PROBLEM:
From the first line to the last, retype everything below exactly, minus the pictures.

RECORDED DATA Block Start

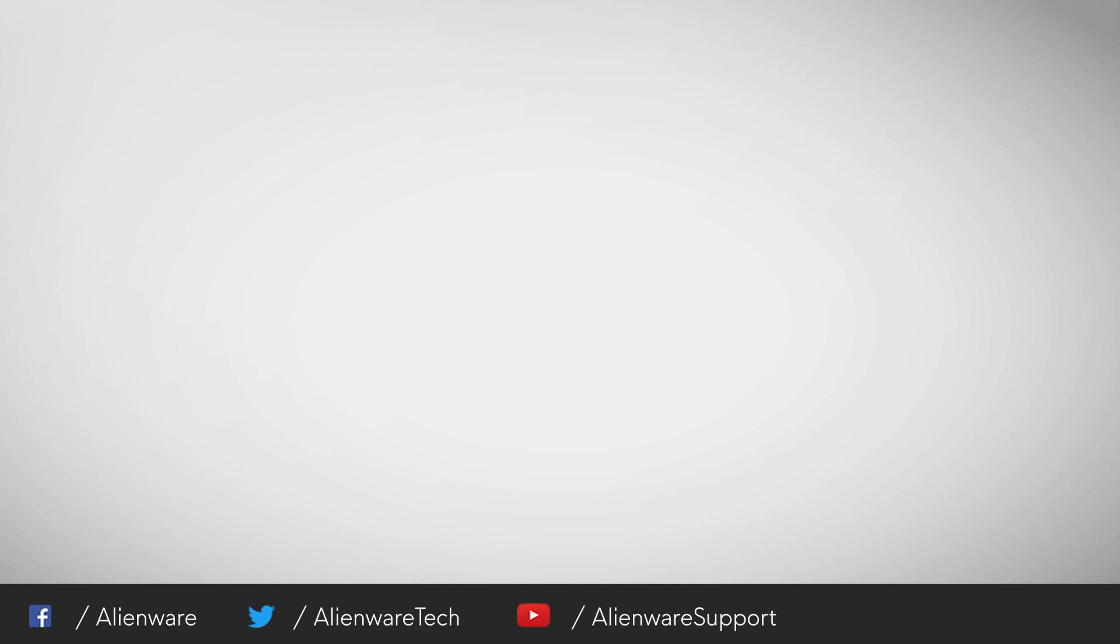If you liked this video, give it a thumbs up and subscribe for more official Alienware videos.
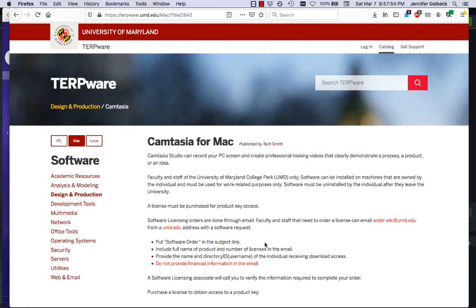You can also splice in videos that you take with your phone, so if you want to demonstrate something in real life or if you want to videotape your face and have people look at you talking, you can do that too. So if you're at the University of Maryland, you can get a Camtasia license through them, which is quite a bit cheaper than if you buy it online.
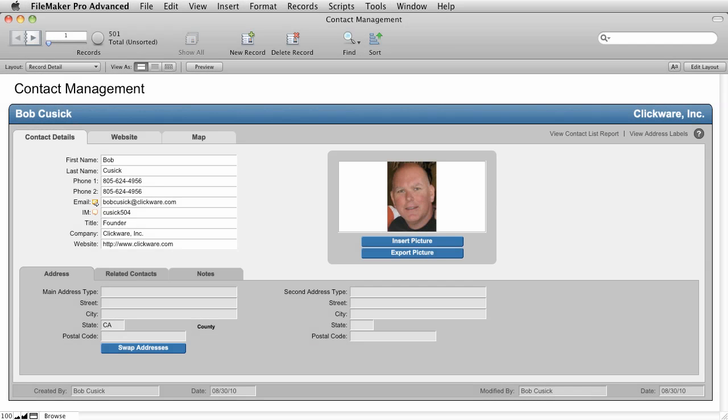Thank you for joining me for this video on exporting data for ClickWare. I'm Bob Cusick. FileMaker Pro allows you to export data into a wide variety of formats for use with other applications. You can even export it to Excel and to PDF very easily and simply.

RECORDED DATA Block End

TASK RESULT:
If you liked this video, give it a thumbs up and subscribe for more official Alienware videos.
You can also splice in videos that you take with your phone, so if you want to demonstrate something in real life or if you want to videotape your face and have people look at you talking, you can do that too. So if you're at the University of Maryland, you can get a Camtasia license through them, which is quite a bit cheaper than if you buy it online.
Thank you for joining me for this video on exporting data for ClickWare. I'm Bob Cusick. FileMaker Pro allows you to export data into a wide variety of formats for use with other applications. You can even export it to Excel and to PDF very easily and simply.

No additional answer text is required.